• DESCRIPTION OF THE TASK
Using the records below, reproduce exactly the lines from the one containing "Veranstaltungen" through the end, and nothing more; skip the images.

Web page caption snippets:
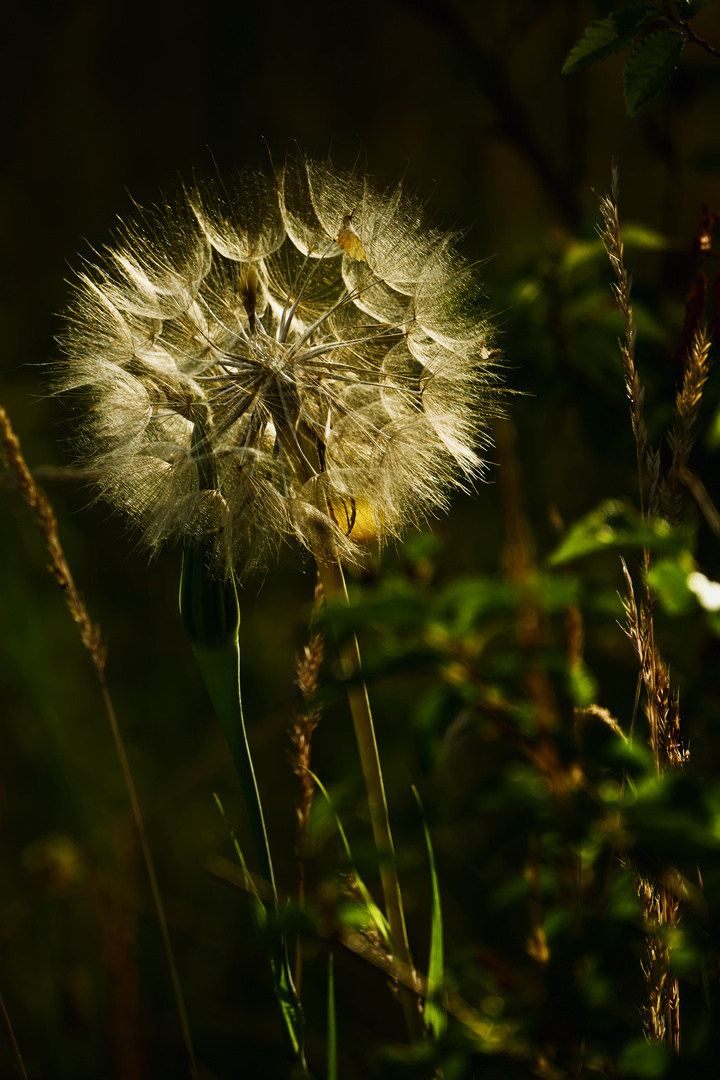 Pusteblume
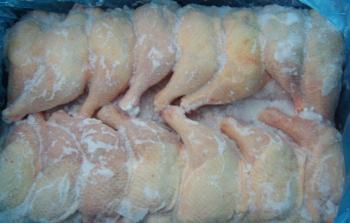 دجاج مجمد - توضيحية
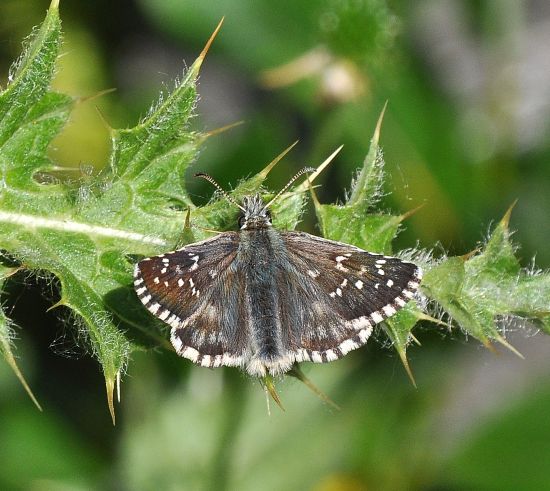 Pyrgus andromedae?... Pyrgus sp.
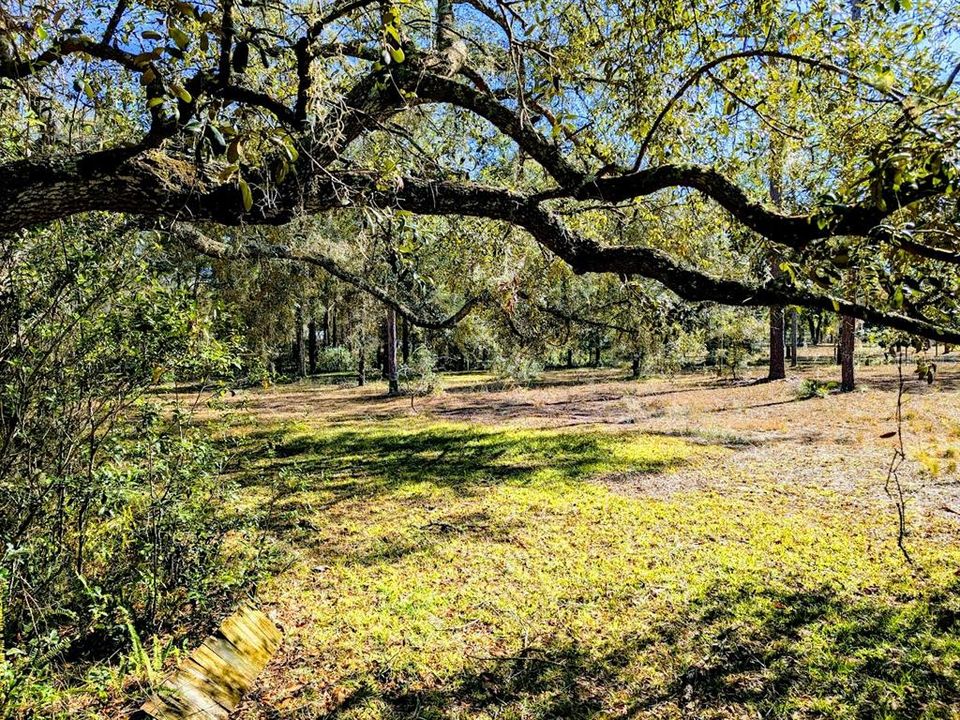 Front yard toward street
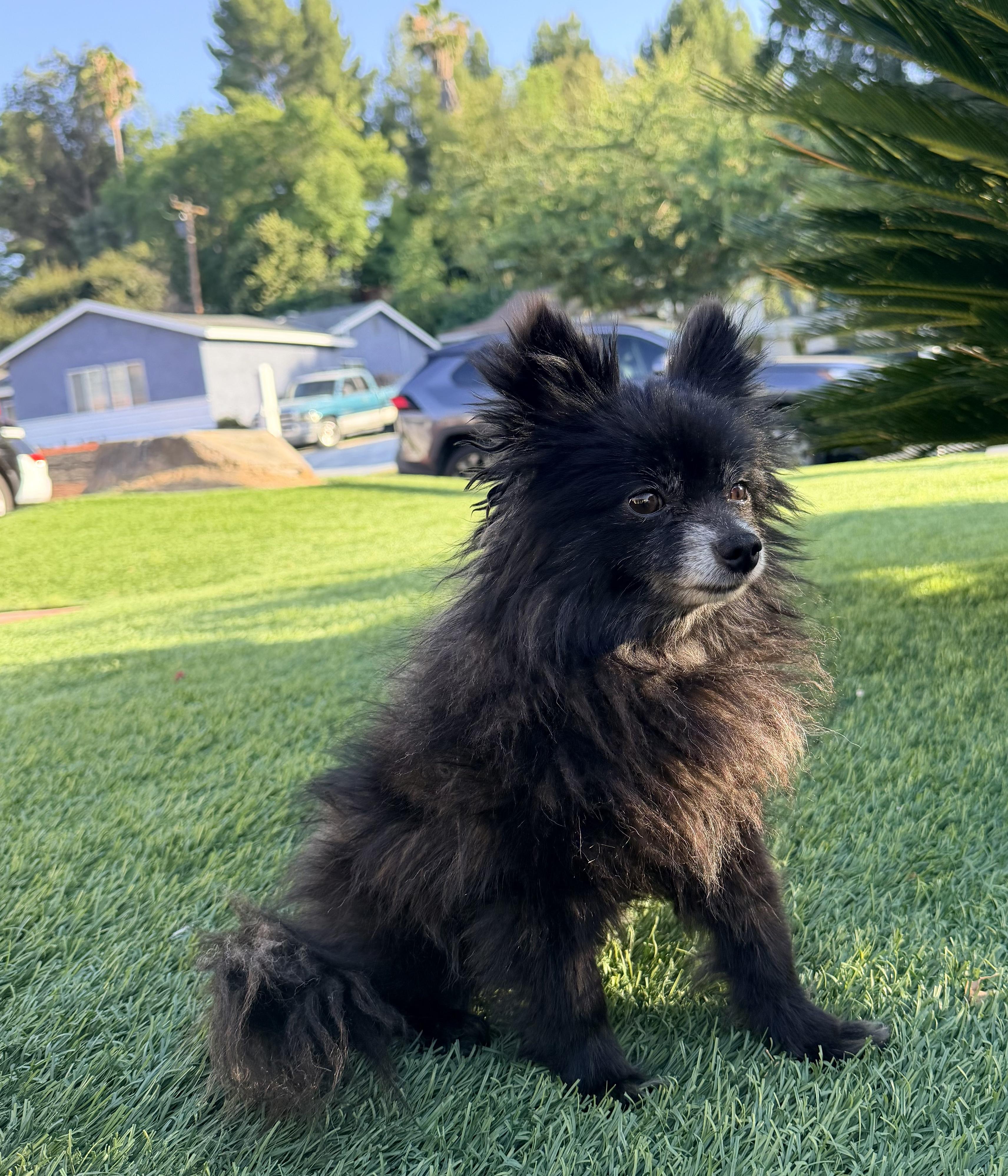 Enlarge MUFFIN, an adopted Pomeranian in Rowland Heights, CA image 5/6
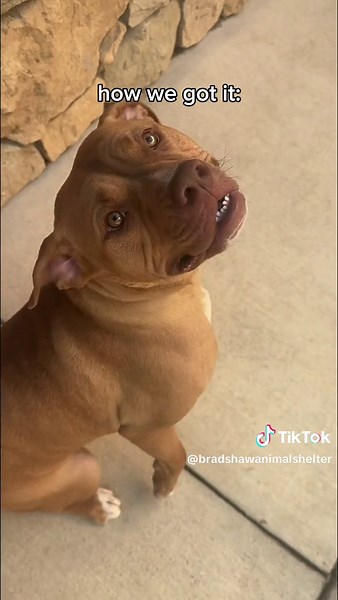 She’s iconic and she’s available for adoption ⬇️ Lady, animal ID A852021, is available for adoption at Bradshaw Animal Shelter in Sacramento, CA! She is approximately 2 years old. She is a wiggly and happy girl who has participated in playgroups at the shelter. #adoptdontshop #sacramento #916 #sacramentodogs #nationalpuppyday #alldogsarepuppies #rescuedog #shelterdog #animalshelter #cutedog #adorabledog #adoptabledog #behindthescenes #instagramvsreality #doguedebordeaux #pittie #fyp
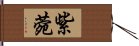 紫菀 Hand Scroll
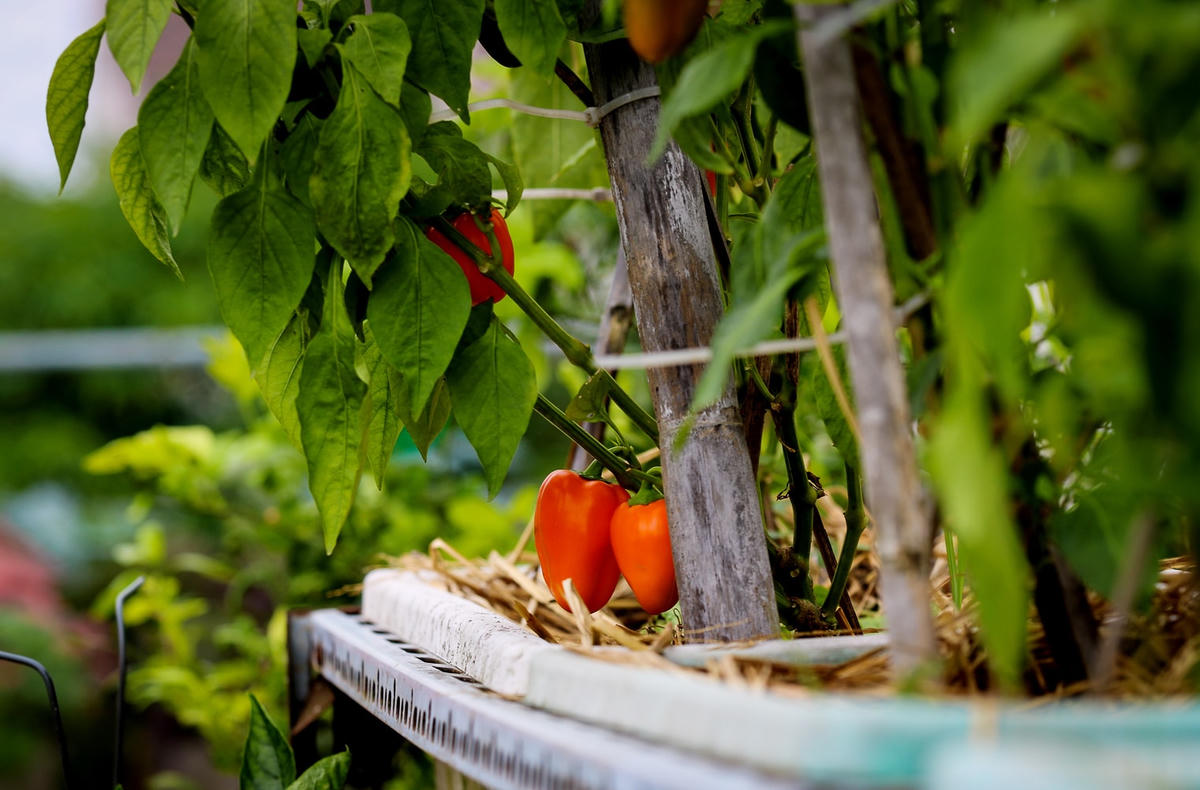 Những quả ớt chín mọng chờ thu hoạch.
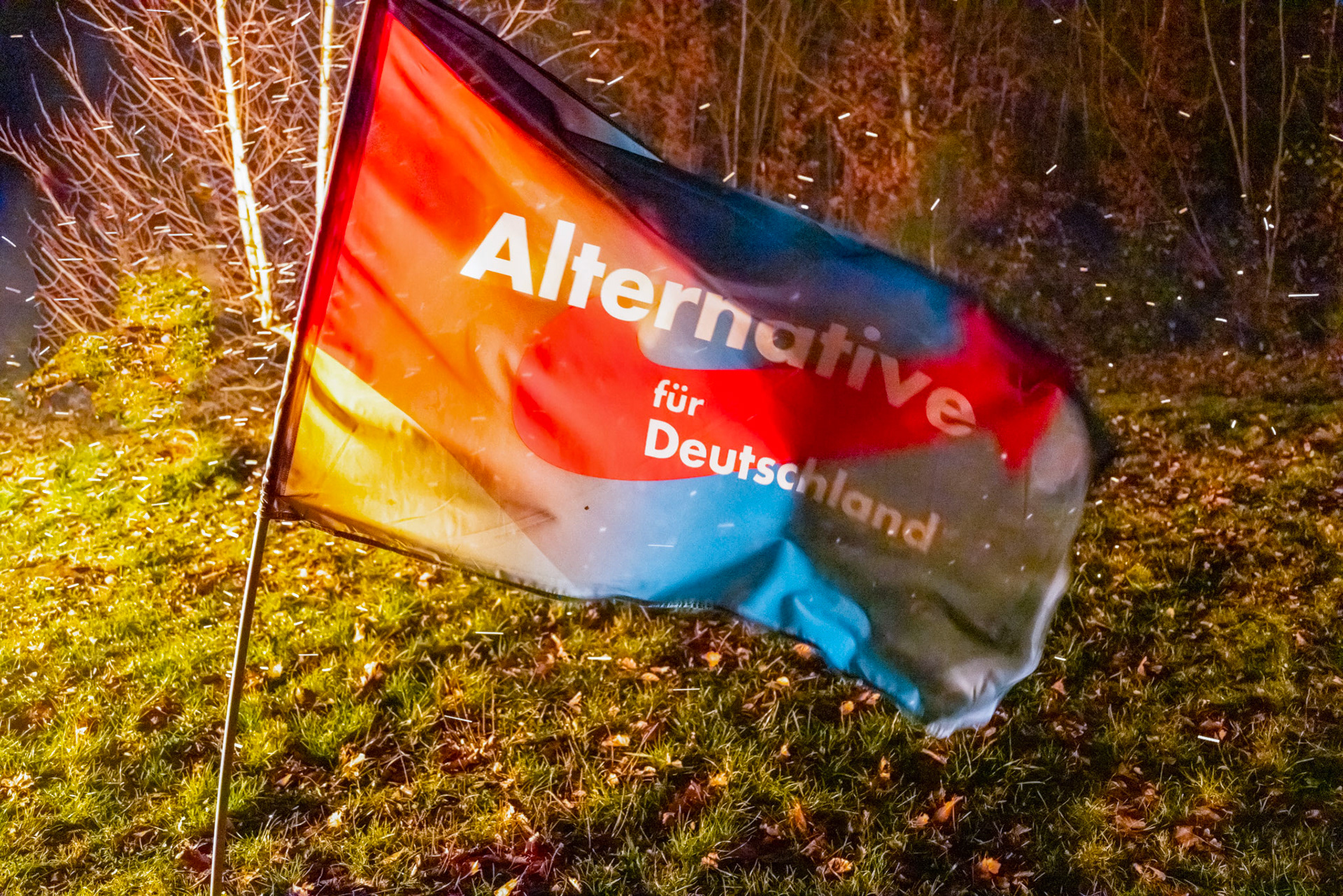 Veranstaltungen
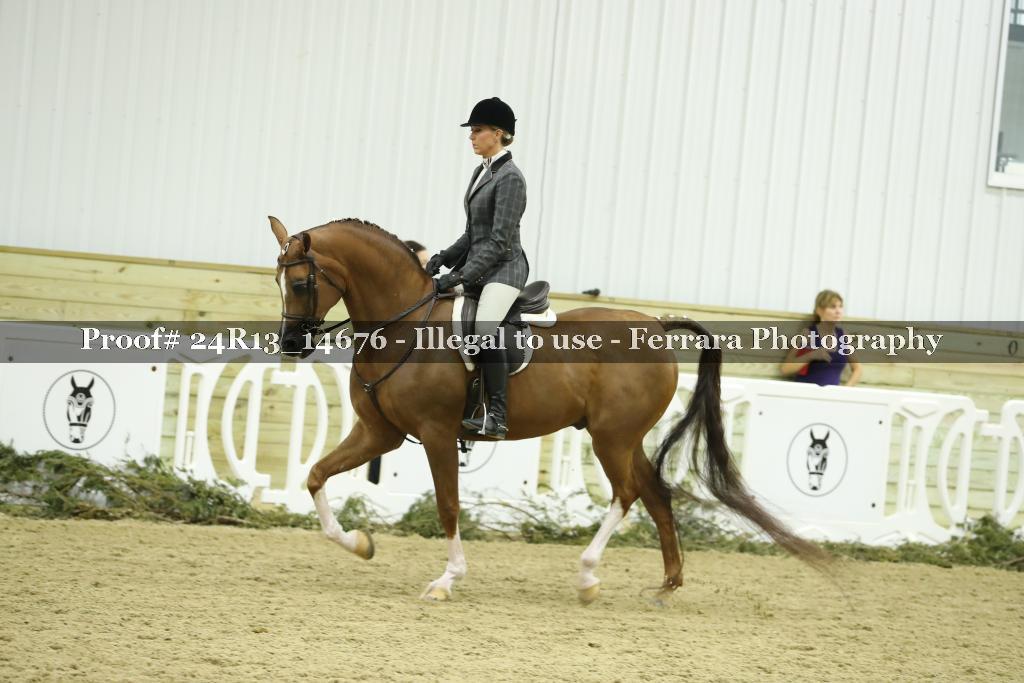 Proof 24R13_14676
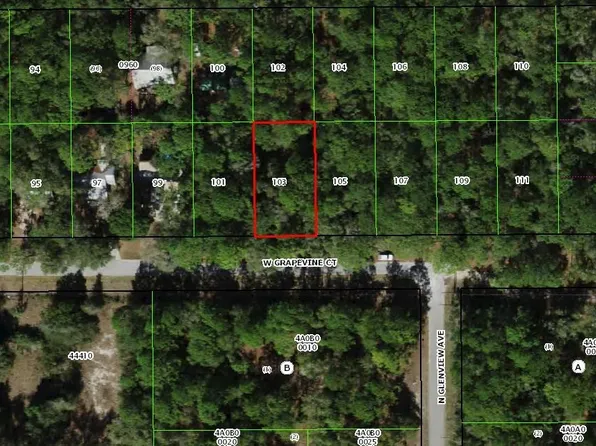 2851 W Grapevine Ct, Dunnellon, FL 34433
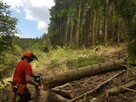 Wycinka Drzew, Podnośnik Koszowy, Prace Ogrodnicze, - 4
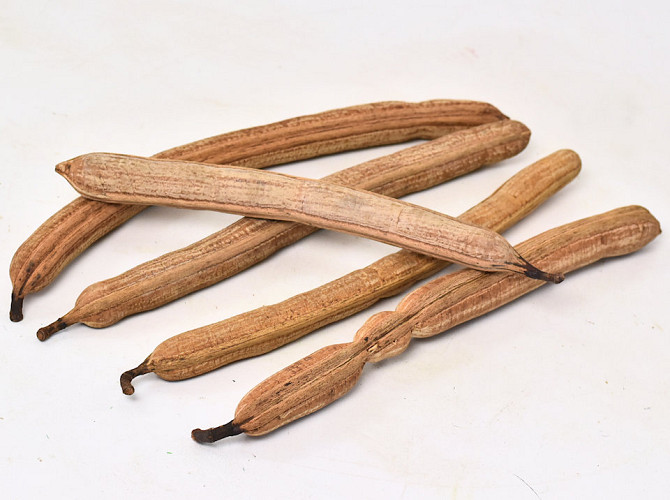 Stick Fruit 40cm 5St.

• RESPONSE TO THIS TASK
 Veranstaltungen
 Proof 24R13_14676
 2851 W Grapevine Ct, Dunnellon, FL 34433
 Wycinka Drzew, Podnośnik Koszowy, Prace Ogrodnicze, - 4
 Stick Fruit 40cm 5St.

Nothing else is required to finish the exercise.